For the National Government to have excluded these BOC taxes since 1992 was simply unjust and that LGUs should be entitled to collect the arrears retroactively from its mandated share from the internal revenue taxes. But with regard to its Constitutional right to receive a just share from all national taxes, this should be prospectively applied beginning FY 2019 and thereafter. #IRAitamaNaSa2019!

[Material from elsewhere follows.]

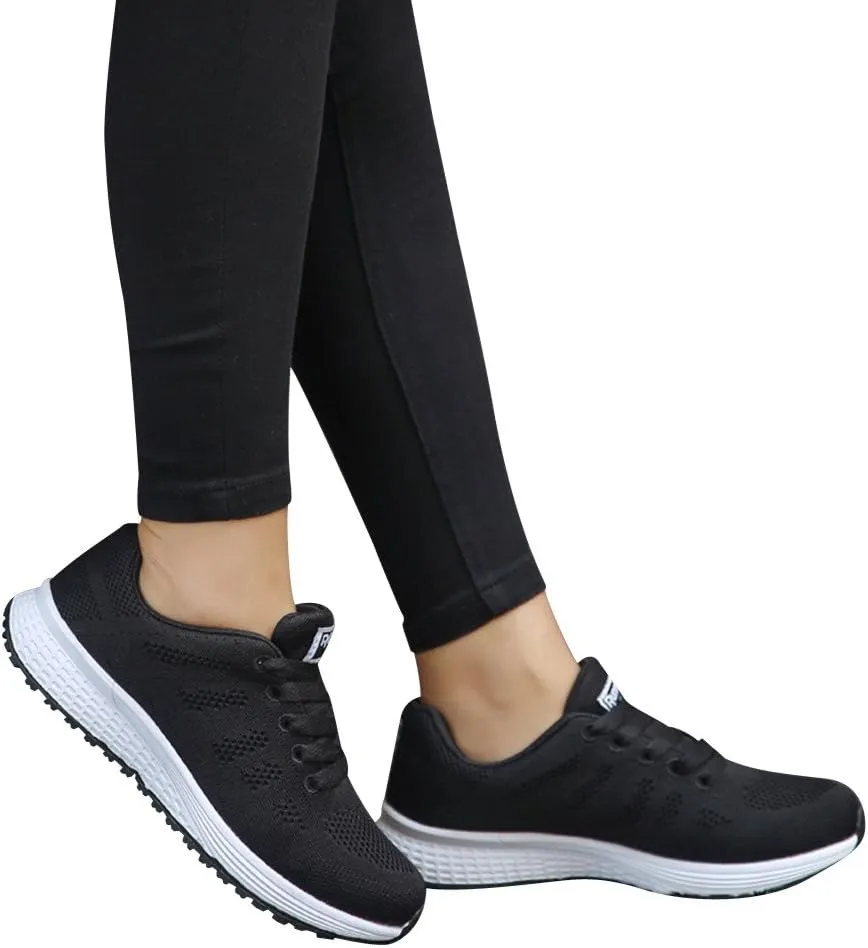 Womens Slip on Walking Shoes Comfort Lightweight Breathable Running Shoes for Women Jogging Woman Shoes Casual Platform Sneakers Steel Toe Tennis Shoe Trainers Shoe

Hence, altogether, three (3) Motions are now set in motion. It is now up to the Supreme Court to decide. The question now is when will this be final and executory under the leadership of the newly-appointed Chief Justice Teresita de Castro who previously voted in the affirmative.
(to be continued…)
1”SEC. 21. Sources of Revenue. - The following taxes, fees and charges are deemed to be national internal revenue taxes:
(a) Income tax;
(b) Estate and donor's taxes;
(c) Value-added tax;
(d) Other percentage taxes;
(e) Excise taxes;
(f) Documentary stamp taxes; and
(g) Such other taxes as are or hereafter may be imposed and collected by the Bureau of Internal Revenue.”

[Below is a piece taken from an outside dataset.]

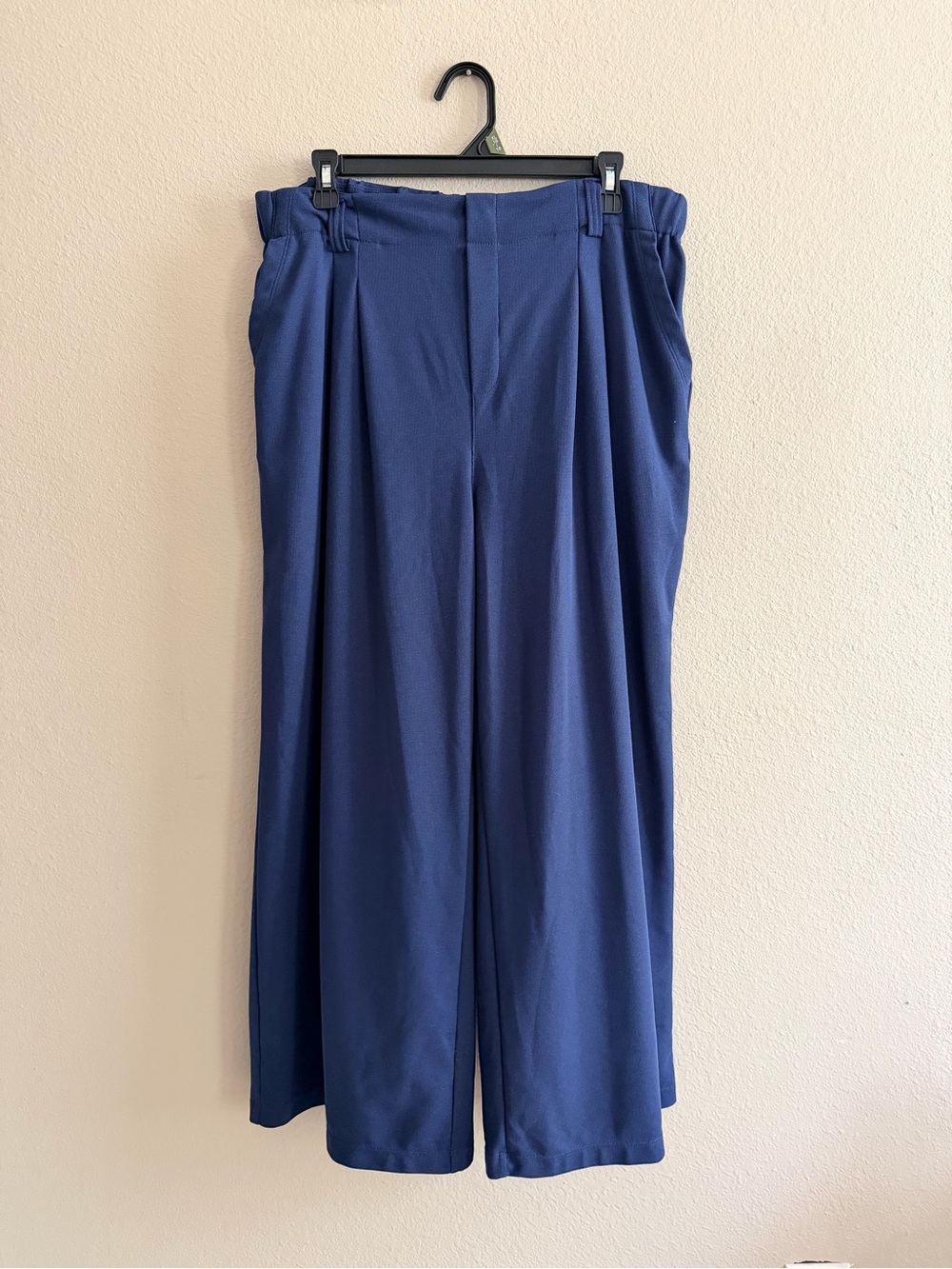 Halara Wide Leg Waffle Knit Work Pant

2”SEC. 12. Agents and Deputies for Collection of National Internal Revenue Taxes. - The following are hereby constituted agents of the Commissioner:
(a) The Commissioner of Customs and his subordinates with respect to the collection of national internal revenue taxes on imported goods;”
3”SEC. 107. Value-Added Tax on Importation of Goods. –
(A) In General. - There shall be levied, assessed and collected on every importation of goods a value-added tax equivalent to ten percent (10%)  based on the total value used by the Bureau of Customs in determining tariff and customs duties plus customs duties, excise taxes, if any, and other charges, such tax to be paid by the importer prior to the release of such goods from customs custody: Provided, That where the customs duties are determined on the basis of the quantity or volume of the goods, the value-added tax shall be based on the landed cost plus excise taxes, if any Provided, further, That the President, upon the recommendation of the Secretary of Finance, shall, effective January 1, 2006, raise the rate of the value-added tax to twelve percent (12%), after any of the following conditions has been satisfied:”
4”SEC.129. Goods subject to Excise Taxes. - Excise taxes apply to goods manufactured or produced in the Philippines for domestic sales or consumption or for any other disposition and to things imported. The excise tax imposed herein shall be in addition to the value-added tax imposed under Title IV.”
5”SEC. 182. Stamp Tax on Foreign Bills of Exchange and Letters of Credit. - On all foreign bills of exchange and letters of credit (including orders, by telegraph or otherwise, for the payment of money issued by express or steamship companies or by any person or persons) drawn in but payable out of the Philippines in a set of three (3) or more according to the custom of merchants and bankers, there shall be collected a documentary stamp tax of Thirty centavos (P0.30) on each Two hundred pesos (P200), or fractional part thereof, of the face value of any such bill of exchange or letter of credit, or the Philippine equivalent of such face value, if expressed in foreign currency.”